People should be given the medicines they need when they need them, and in a safe way (outcome 9)

Not met this standard

We checked that people who use this service

  • Will have their medicines at the times they need them, and in a safe way.
  • Wherever possible will have information about the medicine being prescribed made available to them or others acting on their behalf.

How this check was done

We looked at the personal care or treatment records of people who use the service, reviewed information sent to us by other organisations, carried out a visit on 29 November 2012 and observed how people were being cared for. We talked with people who use the service, talked with carers and / or family members, talked with staff and talked with stakeholders.

Our judgement

People were not protected against the risks associated with medicines because arrangements to manage medicines safely were not fully implemented and consistently adhered to.

Reasons for our judgement

One of the reasons that we looked at this outcome was we were made aware of concerns about the way medication was managed in the home. The NHS medication manager visited the home October 2012 and found that several issues needed to be addressed. For example they found: Short courses of medication were not given as directed and not signed for once administered. Medication policy had not been updated and the temperature of the fridge was not recorded daily. The medication manager was due to visit the service again in due course. We observed staff giving medication at lunchtime and found that staff were giving people their medication, and waiting for people to take it, to ensure their health benefited from taking their medication.
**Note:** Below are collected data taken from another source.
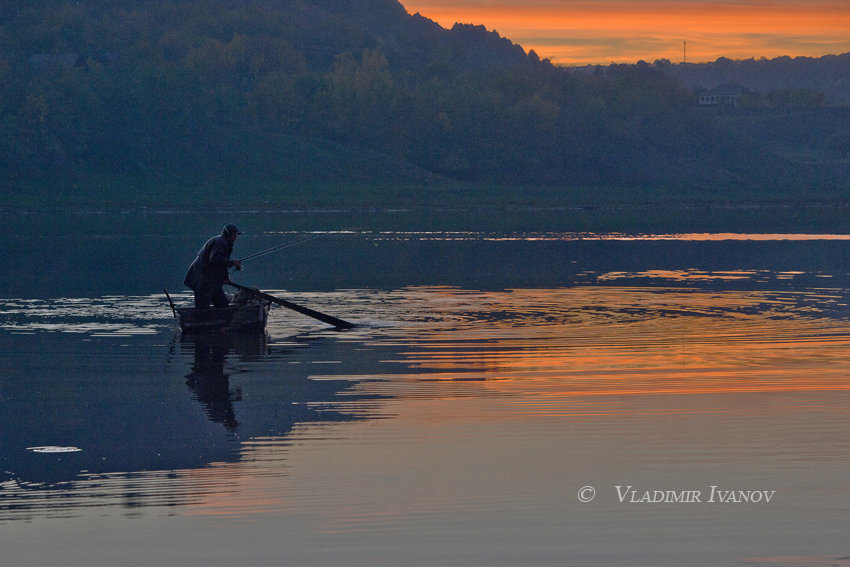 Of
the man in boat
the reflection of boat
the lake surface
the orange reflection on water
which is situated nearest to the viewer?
the lake surface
We looked at some people’s medicine administration record (MAR) which documented when people had been given their medicines. We found that some medicines were not always accurately recorded. For example, we saw that one person’s record stated that they had refused medication on more than one occasion. We found that when the person had refused the medicine in the morning there was no evidence that staff had re-offered the medication at a later time. If people continue to miss their prescribed medication this might have a detrimental effect on their health. There was also no evidence that the service had informed the person’s doctor of these repeated refusals, so that the doctor could determine whether anything more needed to be done.

Medicines administered to people who used the service were not always recorded correctly and it was not clear if some people were receiving their medication as required.